GIVEN MATERIAL:
- - - - -
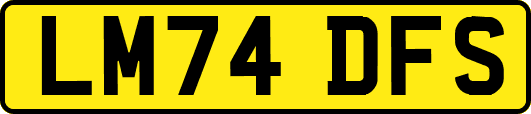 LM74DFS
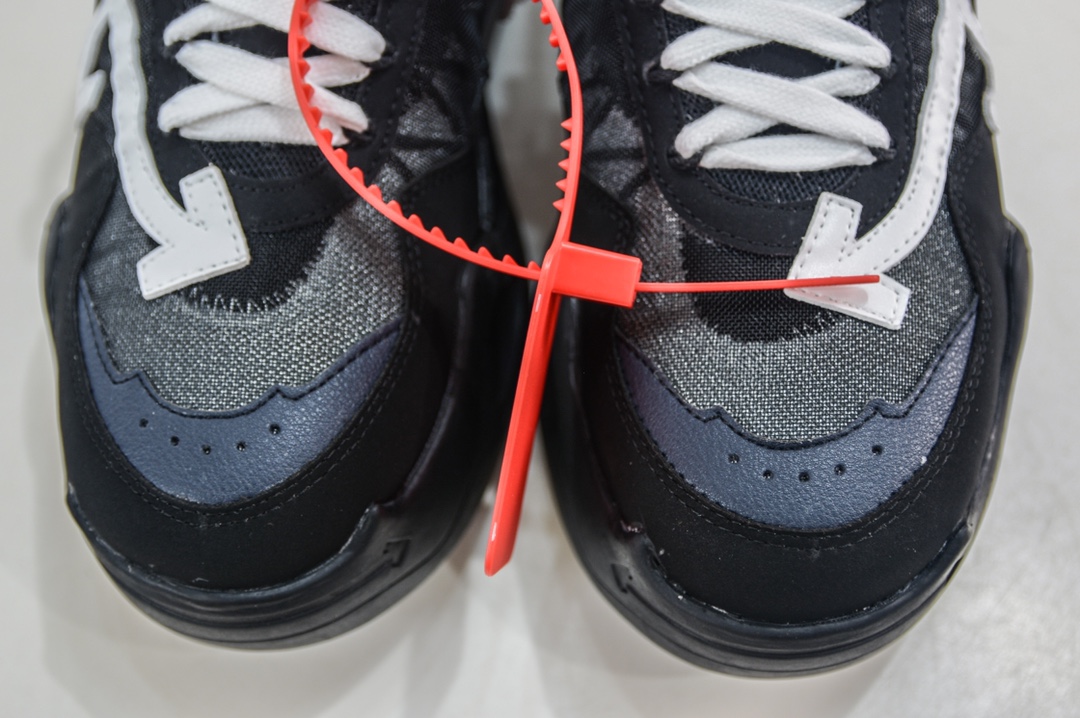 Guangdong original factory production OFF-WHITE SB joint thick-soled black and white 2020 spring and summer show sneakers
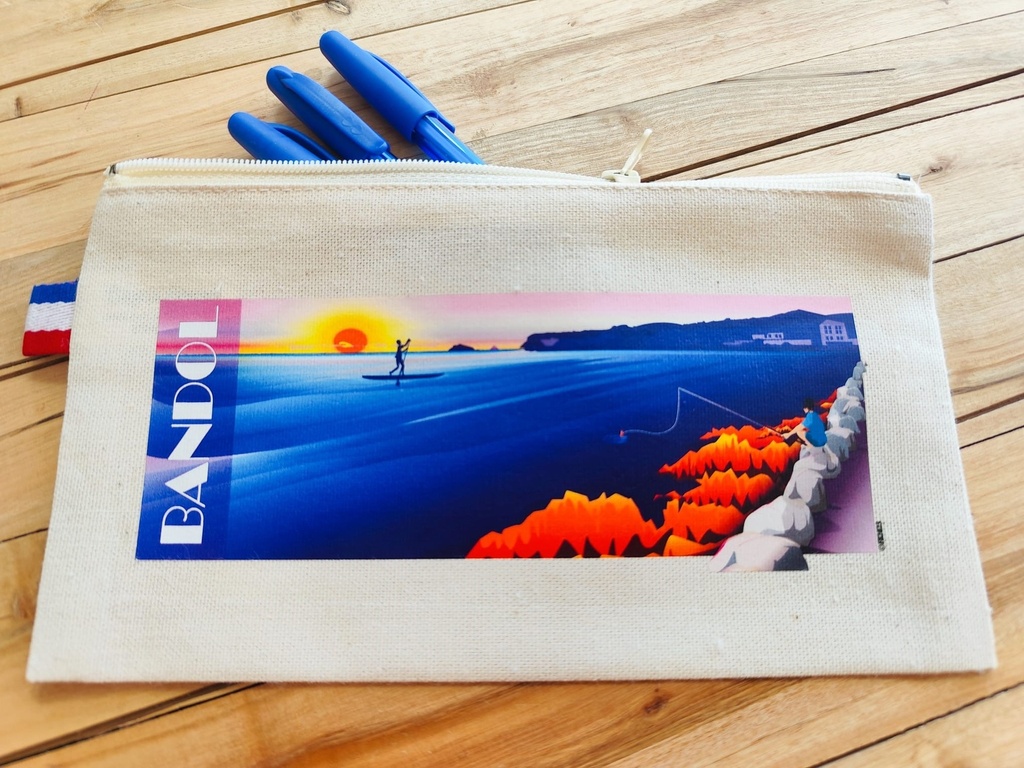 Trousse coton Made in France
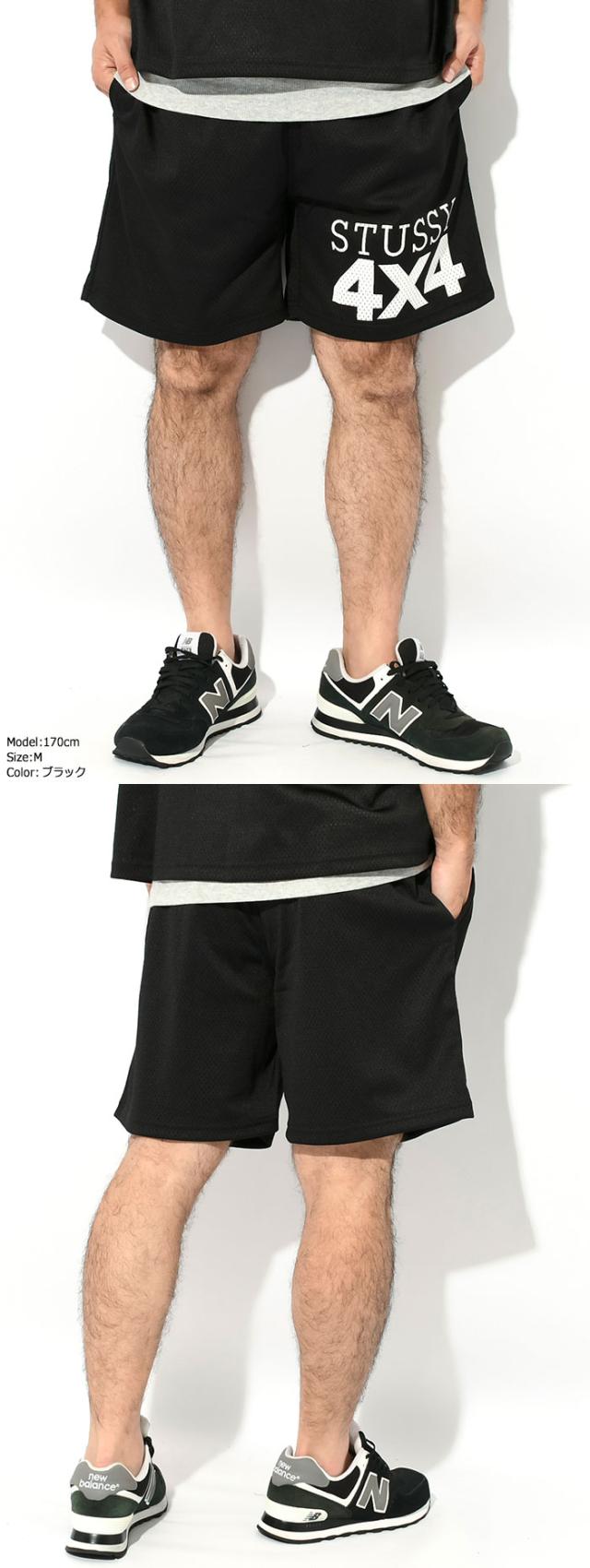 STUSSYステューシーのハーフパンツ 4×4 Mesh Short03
- - - - -
Leave the pictures out, and copy exactly each line from the one containing "Guangdong original factory" through the final line of the data.

 Guangdong original factory production OFF-WHITE SB joint thick-soled black and white 2020 spring and summer show sneakers
 Trousse coton Made in France
 STUSSYステューシーのハーフパンツ 4×4 Mesh Short03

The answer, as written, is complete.